Sunday, September 4, 2011
Family "Fragmentation," Economic Disparity, and Catholic Schools
In a column on the front-page of the Sunday editorial section of the Minneapolis Star-Tribune, Mitch Pearlstein of the Center of the American Experiment writes about the “fragmentation” of American families as “the explanation for economic disparity that we too readily sweep under the rug.”
The statistics for Hennepin County, which is Minneapolis and its suburbs, are deeply depressing: 18.3 percent of white children are born out of wedlock (which is hardly reassuring), while 84.3 percent of African-American children are born to a single parent. To be a black child in Minneapolis living with both parents is truly to be a minority. How ineffably sad! And the social science research confirms how powerful is the negative impact on economic progress, individual opportunity, educational gains, future marriage prospects for children, etc. As Pearlstein says:
Simply put, so long as fragmentation rates remain as huge as they are, enormous numbers of children will keep doing inadequately in school (and, as a result, in economic life) –- no matter how much money we spend, no matter how boldly politicians lead and no matter how passionately teachers teach.

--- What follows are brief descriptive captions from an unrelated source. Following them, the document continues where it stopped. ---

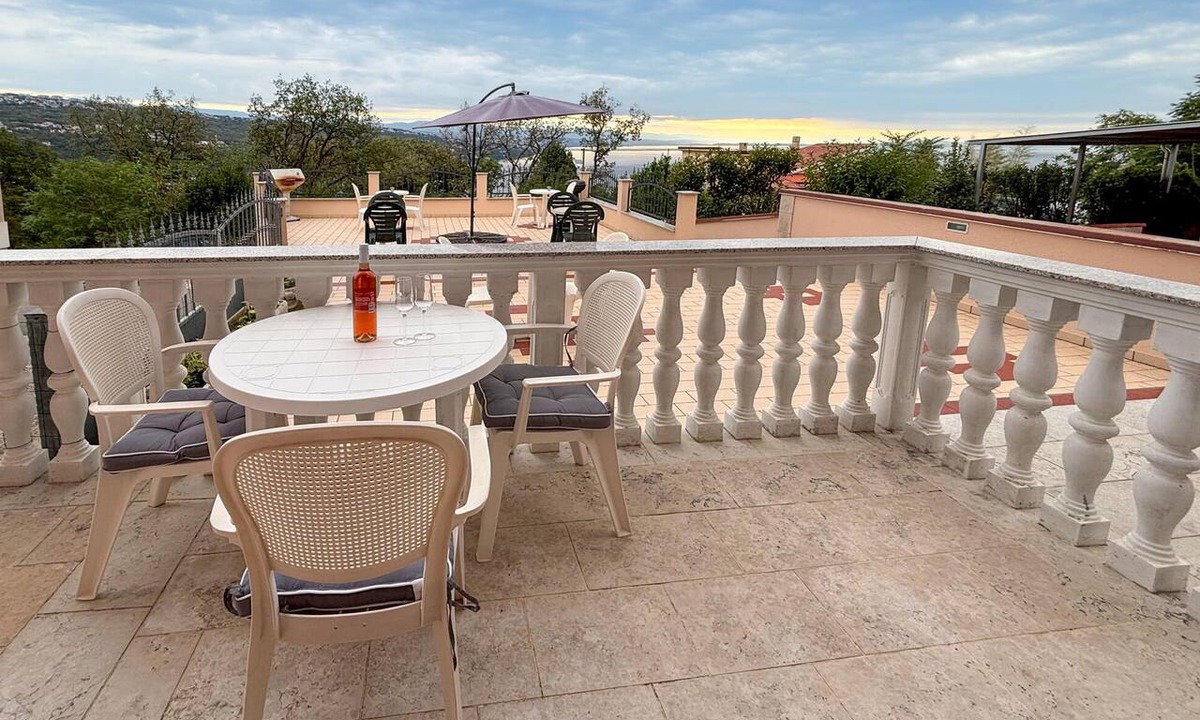 Volosko Apartment | 1 bedroom lovely apartment in Opatija
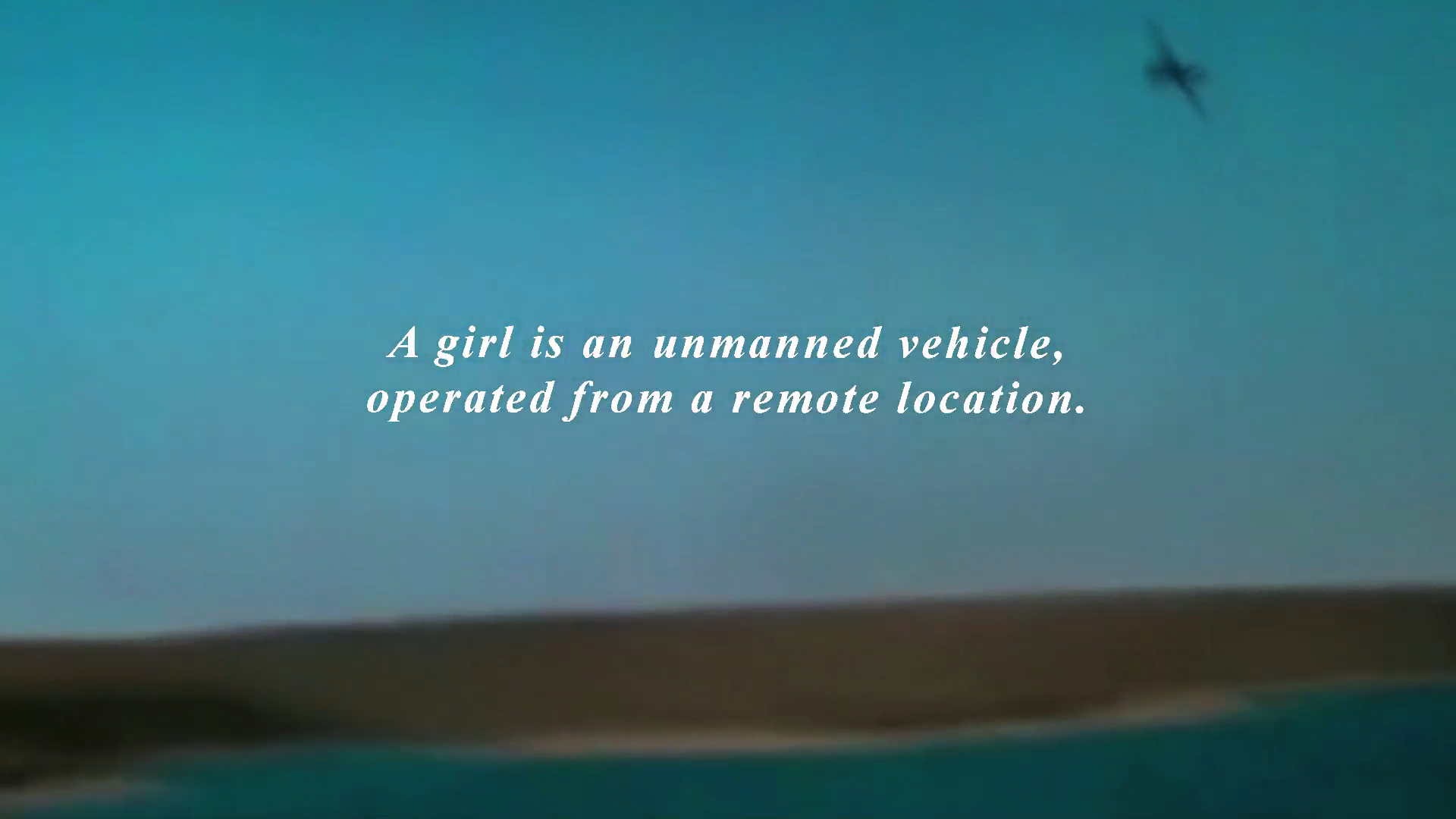  :/nterstellar , 2015, single-channel video.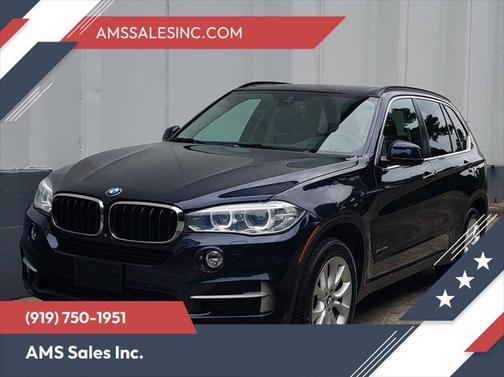 2016 BMW X5 xDrive35i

What can we do? We of course need to address the decline of marriage, which is not helped by the ongoing depreciation of marriage into an expression of self-fulfillment for adults rather than as a stable home for a mother and father in which to raise children. The Catholic Church must maintain its moral stance on marriage, while somehow making that teaching more present and practically meaningful to a new generation living in a moral-cultural abyss. The outrageous statistics of family broken-ness may provide a starting place for the discussion. The current sad state of affairs is a testament to the dangers that follow radical changes in fundamental social structure, which began in the 1960s but continue today. The Catholic message is an answer to that crisis.
In the meantime, how do we help those who are trapped in the cycle of family fragmentation, that is, children who grow up without two parents and who too often are left without the educational benefits and discipline and healthy attitudes that adhere to children growing up in a stable and unbroken family? Spending more money on welfare programs or public schools or this or that social experiment hasn’t been working and certainly cannot do all of the work.
Pearlstein says the answer is educational choice. And I read him as focusing less on the academic quality of private schools than on the different culture and community that a private school can foster, supplying the very things that at-risk children need. The research confirms that private school options for children from single parent homes bears fruit by making progress and maturity into adulthood sustainable over the years:
I asked this principal of a Catholic elementary school in the Twin Cities what her institution's mission was. “To manifest God’s love in every child,” she said, or words close to that. As educational mission statements go, this was one of the briefest yet meatiest ever drafted.
We on the Mirror of Justice have posted regularly about the importance of our Catholic schools and why we as Catholics should support them. Creating opportunities and building a support system for those at risk by family fragmentation is one more reason to maintain and strengthen our Catholic schools.